The terms, down payment and reserves, change as you get more conventional loans, and then they max out at 10.  However, things are always changing, so go build relationships with some lenders that understand what you want to do... be successful at it, and keep plugging away.

Post: Do I have problems with LLC and taxes?

Sam LLoydPosted
  • Investor
  • Wasilla, AK
  • Posts 277
  • Votes 139

@Account Closed I knew I'd have trouble getting that across.  I have several friends/relatives that would like me to manage for them, as well as my own properties.  I'm not interested in working with a brokerage or getting my own license, so the only way I can manage other people's properties would be to have an interest in the property... at least, that's how I read the statutes.

For the most part, the properties managed would be my own... in which case I want to manage them through the LLC to separate finances from personal.

Post: Pay off rental mortgage early, or keep making payments?

Sam LLoydPosted
  • Investor
  • Wasilla, AK
  • Posts 277
  • Votes 139

There should be a poll on bigger pockets. "Who here rents out their first SFR, and doesn't really make that much money on it?"

My first SFR is a little better situated... after refinancing down to 4.5, and after taking into account maintenance reserves, it makes a couple hundred/month... on a good day. I know I should sell it, but... the money's already invested. However, everything these people have said is true. Here's a simple way I look at the numbers.

You have 40k in the house.  You know Vanguard could give you 5%... minimum, you need to make $160/month, since that is your opportunity cost of not having it in Vanguard.  We already heard from everyone else how you probably have a negative cash flow.... so you're not even close with this investement.... so sell, pay off, or refinance.

Refinance.... You can't get rates lower, and you'll have to figure out loan costs, etc... I probably shouldn't have refinanced mine.

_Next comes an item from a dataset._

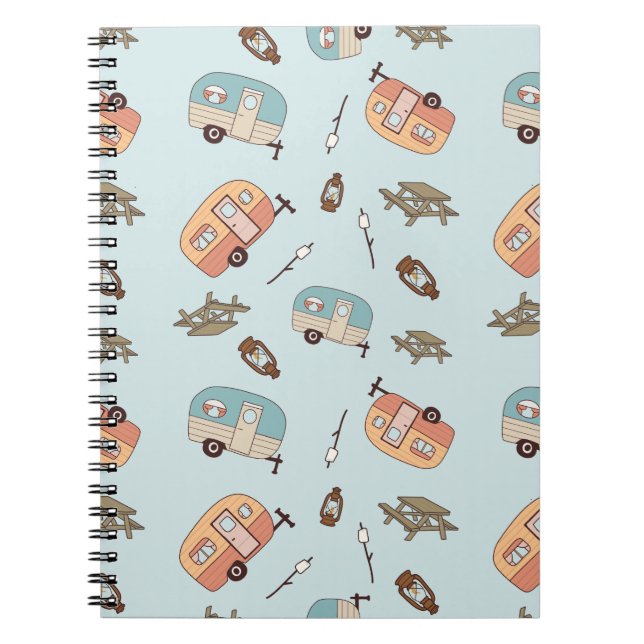 Retro Campers Anteckningsbok (Framsidan)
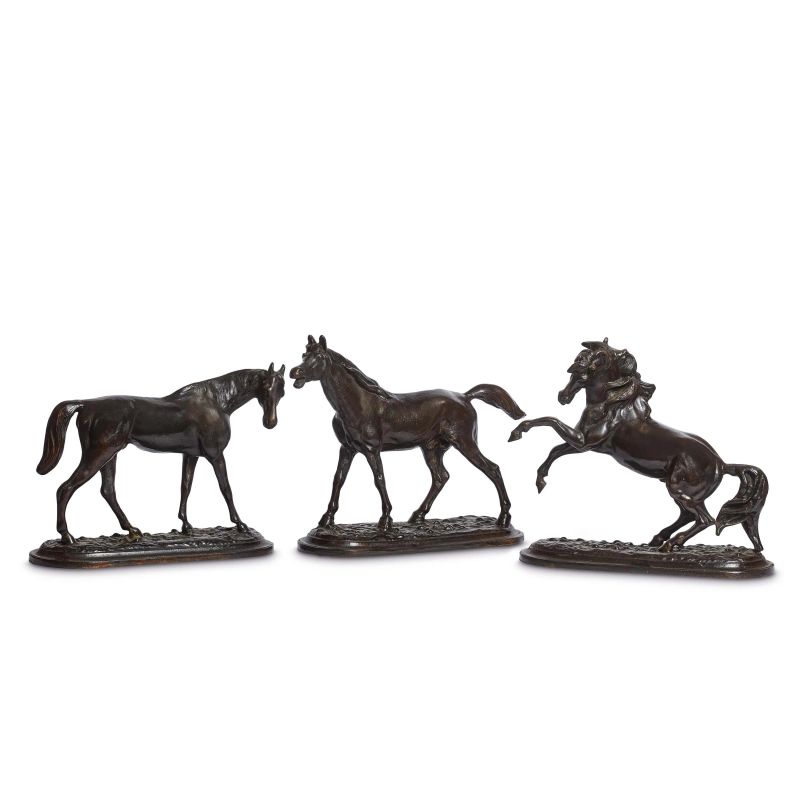 



THREE HORSES SCULPTURES, 19TH CENTURY  - Auction INTERNATIONAL FINE ART - Pandolfini Casa d'Aste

Pay off:  $240k with a $1,300/month return?  That's a 6.5% return.... paying off would be better than Vanguard.... if you really had a $1,300/month return.  If, instead, you needed  to put %7 or %8 away each month for a maintenance reserve... and you paid yourself 10% to manage it, plus a 4% vacancy rate (that's a bare minimum in my book.)  This would all drop your income down to $850/month, which is only 4.2%, and makes Vanguard a better investment.

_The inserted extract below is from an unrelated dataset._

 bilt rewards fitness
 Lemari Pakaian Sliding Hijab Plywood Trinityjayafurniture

There are benfits to real estate other than cash flow, such as interest deduction, principal paydown, depreciation, inflation proofing... but many of these go away or are minimized when the property is paid off.

So yeah... sell it if you can.  If it were me, I'd use the $240k as a down payment for a 26plex I'm looking at with management in place.  It should throw off between 2k and 3k/month... which is in the 10% range... and it would have significant leverage to take advantage of rent increases or appreciation in the future.

Post: Do I have problems with LLC and taxes?

Sam LLoydPosted
  • Investor
  • Wasilla, AK
  • Posts 277
  • Votes 139

Ok, so here's what I want to do, so you guys can tell me why it's a bad idea.

I plan to have my LLC sign a master lease with the owner of the property. The lease will be 90% of the net income less expenses. This will do two things for me. It will allow me to separate my personal finances (when it's my own property) from the business finances better, as well as not causing any questions with the banks about who owns what when I'm applying for new loans and such. It will also allow me to manage properties for other people through my LLC which will have an interest in the property, and thus will be allowed to manage it without being a real estate brokerage.

So... What am I missing. I know I'll loose the liability protection aspect of the LLC since the property will still be owned in my own name, but right now I'm more worried about doing things legally and in such a way that I'll pay the least taxes.